Two local women, Fatiah and Fatma are the cooks in the compound and double as my new friends and Arabic teachers. In the midst of my home-making today I showed them a picture of the beach in Florida which I was sticking to the wall. They pondered over it momentarily, I assumed they were admiring the beautiful blue sea, and then they pointed at the sand, and asked “Is this the road?”

Beautiful people in a very hot and dusty, but beautiful destination. Welcome Home.


"Faith is a process of leaping into the abyss not on the basis of any certainty about ‘where’ we shall land, but rather on the belief that we ‘shall’ land."
- Carter Heyward


Thursday, May 05, 2005

Safe Landing

This entry comes a little late, but I have an excuse, I’m back on African time.

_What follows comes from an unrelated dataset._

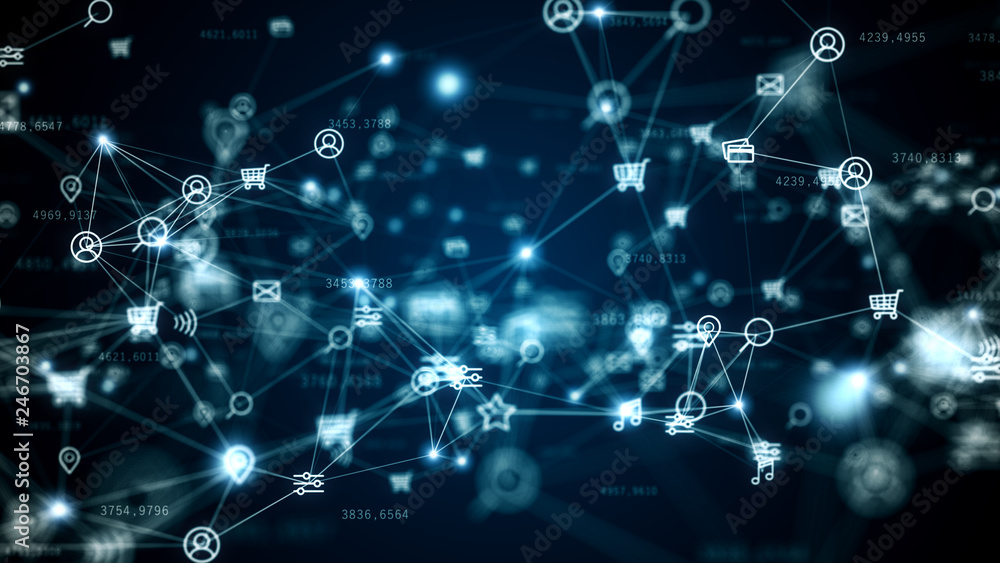 Poster background of randomly moving network and internet related things. online shopping, social networks,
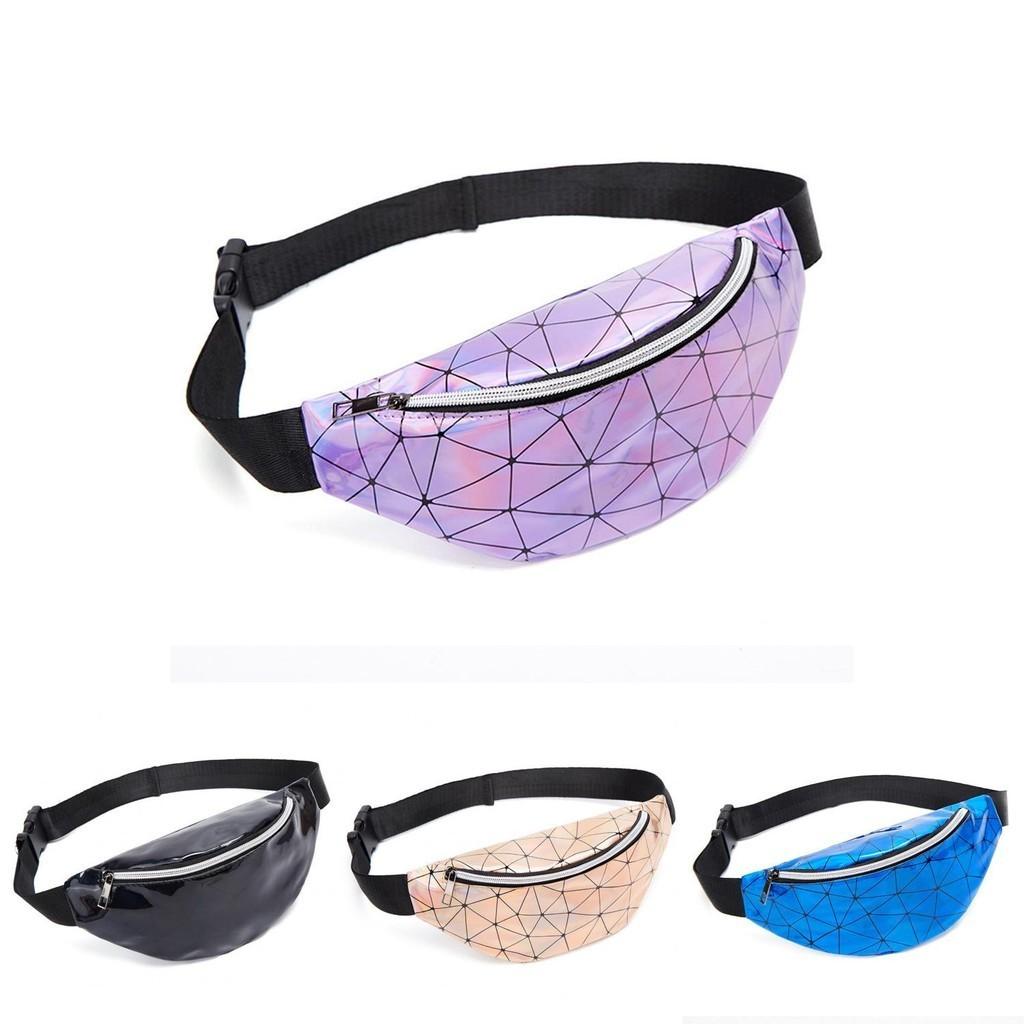 Sleek Geometric Holographic Waist Bags For Women Durable And Stylish Belt Packs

I’m happy to report that I’ve survived the final steps of the transit and I’ve made it here to Genenia, my final stopping place on this journey.

My little stop-over in Khartoum was nice, but it couldn’t last forever and I was eager to actually be in this place that I’d been anticipating for the past weeks- ready to get a glimpse of what my next 6 months were really going to be like.

In the early hours of Monday morning I lugged myself and my stuff into yet another airport to board my final flight. Despite delays, a luggage crisis, being on the standby list, and the usual challenges of living in a logic-free zone, I eventually was on a plane. I had imagined myself watching out my window, as the scenes of this new county unfolded 18,000 feet under me, however the exhaustion of waking up at 4:30 am to figh a crowded African airport won, and I slept most of the way.

As far as scenery on the journey goes, I’m told that I didn’t miss much. To get to El Genenia, you fly west from Khartoum for about 3 hours over nothing but sand. In between naps I noticed the patterns of the dry riverbeds in the sand, and in some places the migratory paths carved into the desert floor (so I was told). The plane stops in 2 other small towns en route let people off and refuel, but these towns are bigger than Genenia and even have some roads. “You will know that you are in the right place when you land on a dirt runway and see nothing but sand and donkeys and 2 crashed Aeroflot planes in the desert,” I was told. And so it was.

It took 7 days and 9 airports, but I’m glad to report that I have safely landed. A new adventure has begun.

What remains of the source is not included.